Comment 3 Ulrich Drepper 2008-08-18 14:04:36 UTC
(In reply to comment #2)
> You mean, it cannot be easily fixed because it breaks the ABI?

Yes.
Comment 4 Paolo Bonzini 2010-09-09 15:44:41 UTC
On bug-gnulib, the following suggestion was made by Bruno Haible:

> [glibc could] offer some preprocessor macro that makes regoff_t 64-bit wide -
> like it was done for off_t.
> 
> Would glibc need to export additional symbols for this? Yes.
> 
> Would a compiled glibc need to contain two copies of the regex code? No, the
> 32-bit version could be a thin wrapper around the 64-bit version.

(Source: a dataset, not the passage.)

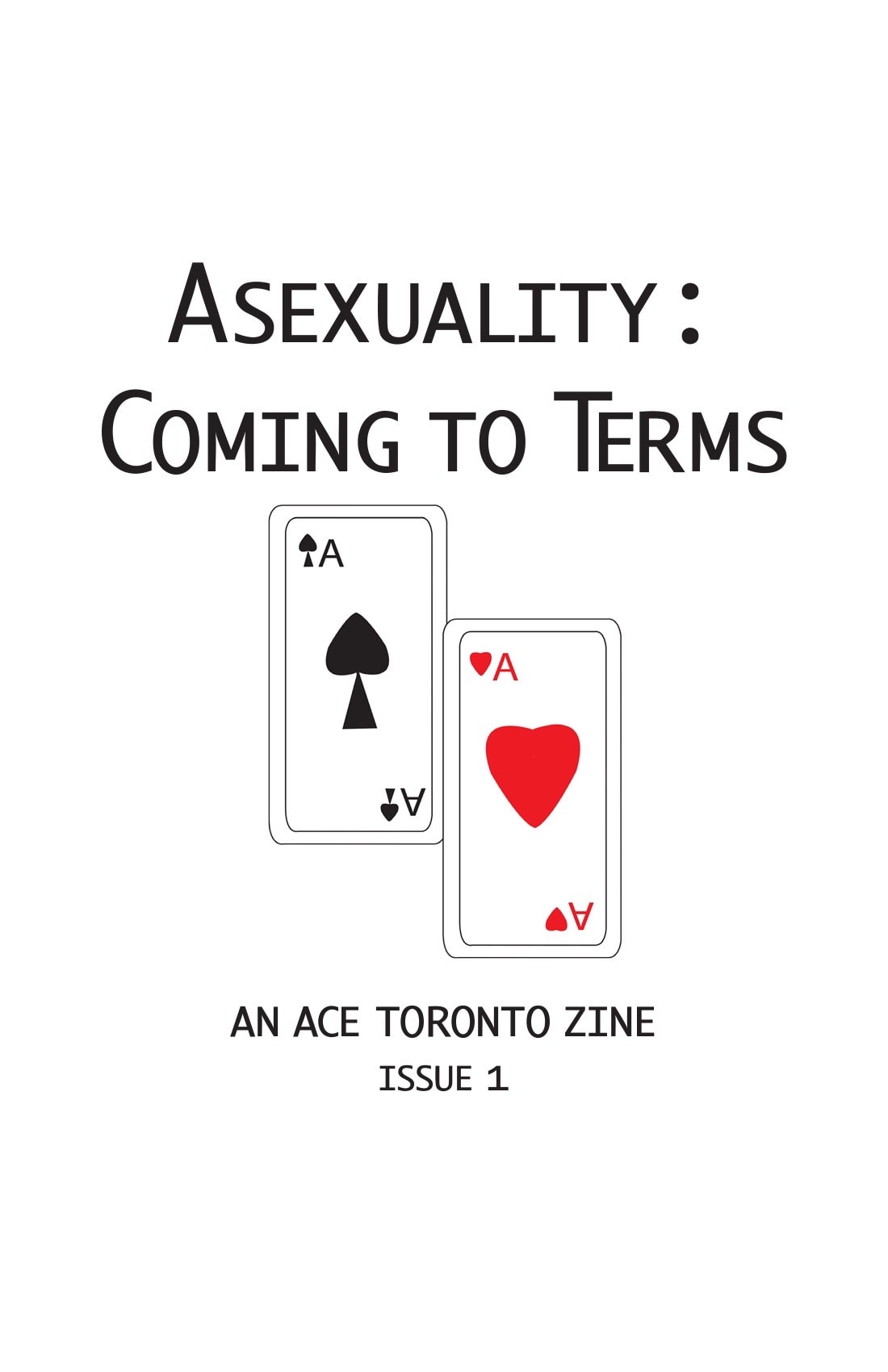 Cover of zine with an ace of spades and ace of hearts, titled “Asexuality: Coming to Terms”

I guess this would count as "somebody takes this serious to actually take a stab
at a solution".  Would _REGEX_OFFSET_BITS be okay for you as a macro?
Comment 5 Paolo Bonzini 2011-06-17 10:41:59 UTC
*** Bug 12900 has been marked as a duplicate of this bug. ***
Comment 6 Paul Eggert 2013-02-08 01:51:43 UTC
The original bug report is old, and POSIX has changed in the meantime: regoff_t is now required to be at least as large as ptrdiff_t and ssize_t. (Previously this was off_t and ssize_t.)  See:

http://pubs.opengroup.org/onlinepubs/9699919799/basedefs/regex.h.html
Comment 7 Rich Felker 2013-02-08 02:32:02 UTC
Yes, thanks for updating/clarifying that. Is there any chance of this ever getting fixed? I suspect there may even be obscure vulnerabilities related to this, if you can somehow pass a string longer than 4gb to regexec and cause the matches to get truncated, and thus for the caller to either dereference memory at a negative offset, exposing data it should not, or treating non-matching data early in the string as a match.

Obviously these could be closed by making the interface even more non-conforming and rejecting offsets that would overflow, but I think the proper solution is to add a versioned symbol and fix the type.